Annie, whose name has been changed to protect her identity, faced what may be every woman's worst nightmare: enduring a rape.
"He violated me, and he done something that I did not want to have any part of," she said.
Annie was a victim of a subset of rape that is more common than most people think, according the executive director of the North Carolina Coalition Against Sexual Assault, a non profit advocacy and public policy center - acquaintance or "date" rape.
"The society has kind of told us all along that ‘stranger danger' (is the big problem)," coalition Director Monika Johnson-Hostler said. "But the reality is, since the inception essentially of humankind, rape has happened by someone you know. It's not new. It's not some new phenomenon."
Acquaintance rape, she explained, is a rape that is perpetrated by someone the victim knows.
Annie experienced this first hand.
"This man and I were together for 5 years, and we had a child," Annie said. "He wouldn't let go; he didn't understand me saying that it was over."
According to Johnson-Hostler, people often don't believe rape victims whose attacker was someone they'd previously had sex with.

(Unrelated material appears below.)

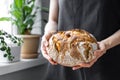 caucasian woman holding fresh bread from the oven, baking homemade bread Royalty Free Stock Photo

"The myth still exists that once you have said yes to having sex with somebody that it's always yes," she said.
In Annie's case, her
rapist came to her place of employment under the guise of bringing their daughter to the doctor's office. Instead, he showed up without Annie's children and eventually forced his way into the driver's seat in her car, she said. He then took her to another location and raped her.
Then, more than one week later, he broke into her home and tried to murder her, she said.
However, for Annie, the horror of the situation didn't end there: Her rapist is HIV positive.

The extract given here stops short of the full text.